** INFORMATION SUPPLIED follows **

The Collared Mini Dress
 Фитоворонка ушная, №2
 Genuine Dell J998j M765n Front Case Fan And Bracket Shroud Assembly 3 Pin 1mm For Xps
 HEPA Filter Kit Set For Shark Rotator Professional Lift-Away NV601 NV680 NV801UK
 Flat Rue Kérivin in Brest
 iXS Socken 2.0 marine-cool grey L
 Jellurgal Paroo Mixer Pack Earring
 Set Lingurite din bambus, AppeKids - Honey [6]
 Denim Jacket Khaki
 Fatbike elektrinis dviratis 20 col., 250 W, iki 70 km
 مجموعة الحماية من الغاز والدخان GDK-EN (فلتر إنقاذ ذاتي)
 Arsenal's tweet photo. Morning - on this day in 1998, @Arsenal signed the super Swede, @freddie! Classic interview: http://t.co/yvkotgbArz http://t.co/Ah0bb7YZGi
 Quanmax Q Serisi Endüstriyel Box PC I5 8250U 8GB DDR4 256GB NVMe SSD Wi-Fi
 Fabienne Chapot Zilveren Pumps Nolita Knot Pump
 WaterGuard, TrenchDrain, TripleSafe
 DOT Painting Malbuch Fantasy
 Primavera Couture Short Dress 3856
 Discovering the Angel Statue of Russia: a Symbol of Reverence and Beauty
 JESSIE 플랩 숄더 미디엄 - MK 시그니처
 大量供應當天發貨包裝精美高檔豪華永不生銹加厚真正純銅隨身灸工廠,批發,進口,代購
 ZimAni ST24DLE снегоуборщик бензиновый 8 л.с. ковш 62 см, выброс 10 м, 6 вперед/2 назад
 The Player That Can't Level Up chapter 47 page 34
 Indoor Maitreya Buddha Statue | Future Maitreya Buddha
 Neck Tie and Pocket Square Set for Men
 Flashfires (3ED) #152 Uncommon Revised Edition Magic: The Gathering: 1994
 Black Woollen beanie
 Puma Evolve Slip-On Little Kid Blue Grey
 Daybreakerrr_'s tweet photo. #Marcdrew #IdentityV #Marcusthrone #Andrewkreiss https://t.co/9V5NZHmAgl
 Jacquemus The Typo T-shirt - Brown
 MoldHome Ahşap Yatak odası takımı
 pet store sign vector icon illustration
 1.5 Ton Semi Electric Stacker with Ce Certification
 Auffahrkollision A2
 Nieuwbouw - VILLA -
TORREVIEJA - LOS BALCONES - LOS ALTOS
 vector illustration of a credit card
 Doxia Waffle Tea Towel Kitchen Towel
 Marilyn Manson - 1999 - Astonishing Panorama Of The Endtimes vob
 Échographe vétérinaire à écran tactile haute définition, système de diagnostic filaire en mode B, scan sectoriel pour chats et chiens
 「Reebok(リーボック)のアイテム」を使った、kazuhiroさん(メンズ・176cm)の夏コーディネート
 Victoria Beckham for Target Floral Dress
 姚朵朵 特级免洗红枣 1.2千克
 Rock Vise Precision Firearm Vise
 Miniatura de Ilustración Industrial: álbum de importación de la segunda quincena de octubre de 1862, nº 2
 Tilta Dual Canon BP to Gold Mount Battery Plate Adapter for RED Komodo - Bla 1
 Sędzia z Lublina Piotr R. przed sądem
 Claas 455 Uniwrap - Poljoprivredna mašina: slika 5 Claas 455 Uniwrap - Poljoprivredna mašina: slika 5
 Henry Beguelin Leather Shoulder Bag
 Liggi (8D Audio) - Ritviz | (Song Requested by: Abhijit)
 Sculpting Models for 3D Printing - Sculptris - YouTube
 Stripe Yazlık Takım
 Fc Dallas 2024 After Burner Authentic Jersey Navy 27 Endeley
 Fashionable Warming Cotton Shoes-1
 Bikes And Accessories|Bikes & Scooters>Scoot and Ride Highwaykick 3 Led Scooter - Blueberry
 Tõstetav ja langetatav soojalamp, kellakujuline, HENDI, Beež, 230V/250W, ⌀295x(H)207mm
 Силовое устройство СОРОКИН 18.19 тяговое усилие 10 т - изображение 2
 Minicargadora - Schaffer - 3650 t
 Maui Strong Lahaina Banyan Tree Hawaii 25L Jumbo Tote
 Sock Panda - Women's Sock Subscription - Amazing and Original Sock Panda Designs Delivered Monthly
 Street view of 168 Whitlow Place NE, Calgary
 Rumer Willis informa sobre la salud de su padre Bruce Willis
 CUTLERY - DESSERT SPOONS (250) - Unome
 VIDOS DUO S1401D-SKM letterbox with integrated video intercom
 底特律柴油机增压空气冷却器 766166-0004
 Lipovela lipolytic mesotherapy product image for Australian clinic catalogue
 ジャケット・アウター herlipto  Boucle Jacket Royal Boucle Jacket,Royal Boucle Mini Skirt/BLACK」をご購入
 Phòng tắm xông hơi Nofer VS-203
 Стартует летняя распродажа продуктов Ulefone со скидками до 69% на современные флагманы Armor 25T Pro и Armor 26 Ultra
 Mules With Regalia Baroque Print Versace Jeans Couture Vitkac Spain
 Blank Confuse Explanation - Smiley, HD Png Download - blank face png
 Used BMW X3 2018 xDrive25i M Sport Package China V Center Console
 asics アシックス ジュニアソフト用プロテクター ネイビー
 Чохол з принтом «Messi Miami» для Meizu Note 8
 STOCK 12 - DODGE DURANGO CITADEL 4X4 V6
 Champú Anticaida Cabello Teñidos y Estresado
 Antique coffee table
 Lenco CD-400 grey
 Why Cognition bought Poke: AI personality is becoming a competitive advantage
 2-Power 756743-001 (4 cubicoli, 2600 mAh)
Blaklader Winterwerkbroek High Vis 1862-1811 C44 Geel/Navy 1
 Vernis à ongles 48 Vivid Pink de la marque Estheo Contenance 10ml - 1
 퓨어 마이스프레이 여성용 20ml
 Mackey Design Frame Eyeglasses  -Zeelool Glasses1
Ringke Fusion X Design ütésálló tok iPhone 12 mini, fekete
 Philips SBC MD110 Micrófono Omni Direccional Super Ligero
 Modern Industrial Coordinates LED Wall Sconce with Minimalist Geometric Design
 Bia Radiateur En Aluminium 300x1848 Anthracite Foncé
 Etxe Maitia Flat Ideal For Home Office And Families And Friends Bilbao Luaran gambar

** End of INFORMATION SUPPLIED **

YOUR ASSIGNMENT
When the entries above show the word "photo" in a line, copy that line out.

RESPONSE TO THE EXERCISE
 Arsenal's tweet photo. Morning - on this day in 1998, @Arsenal signed the super Swede, @freddie! Classic interview: http://t.co/yvkotgbArz http://t.co/Ah0bb7YZGi
 Daybreakerrr_'s tweet photo. #Marcdrew #IdentityV #Marcusthrone #Andrewkreiss https://t.co/9V5NZHmAgl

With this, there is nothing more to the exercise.